§ **Dataset section**:
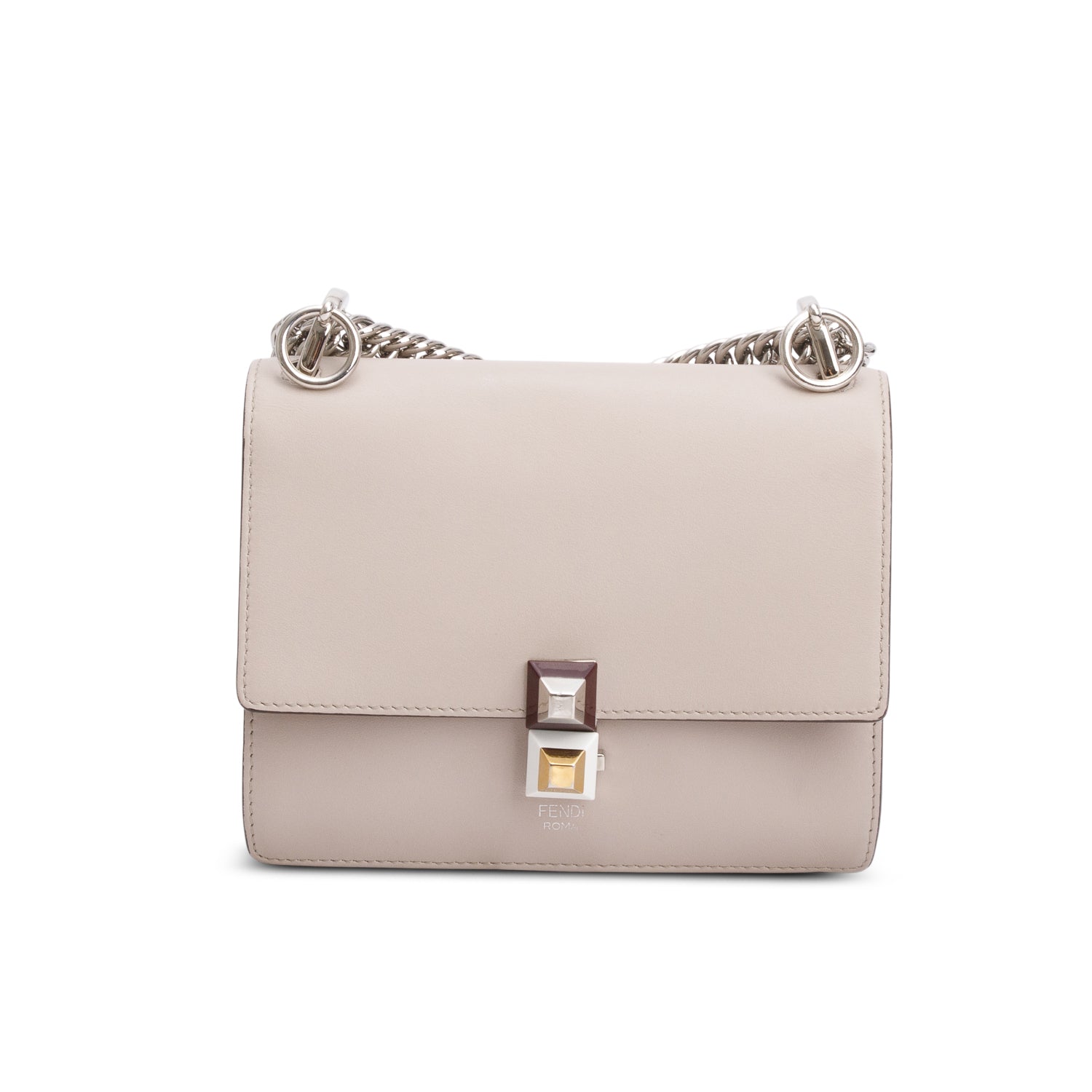 Fendi Calfskin Kan Shoulder Bag Leather Pink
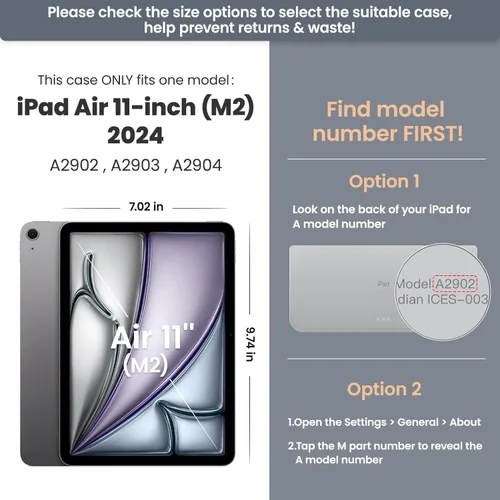 Vista 2 de Herize Funda compatible con iPad Air de 11 pulgadas 2025/2024 con protector de pantalla y soporte para bolígrafo, funda para iPad Air de 7ª/6ª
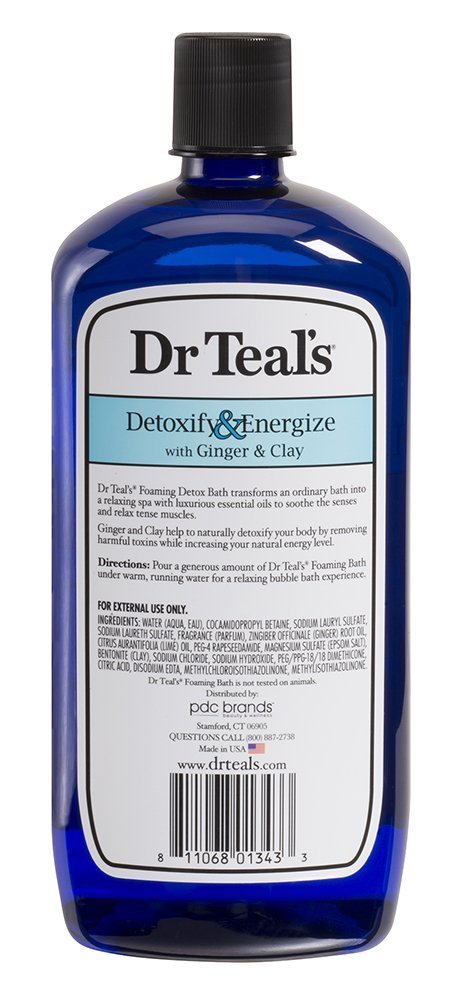 Dr Teal Detox Ginger & Clay Foaming, Bath 34 FL OZ, 2 Pack (Total 68 FL OZ)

§ **Work item**:
Restate word for word, and only, the lines from the line that contains "Vista 2 de Herize" through the end of the data, both included; pictures are not part of the copy.

§ **Answer area**:
 Vista 2 de Herize Funda compatible con iPad Air de 11 pulgadas 2025/2024 con protector de pantalla y soporte para bolígrafo, funda para iPad Air de 7ª/6ª
 Dr Teal Detox Ginger & Clay Foaming, Bath 34 FL OZ, 2 Pack (Total 68 FL OZ)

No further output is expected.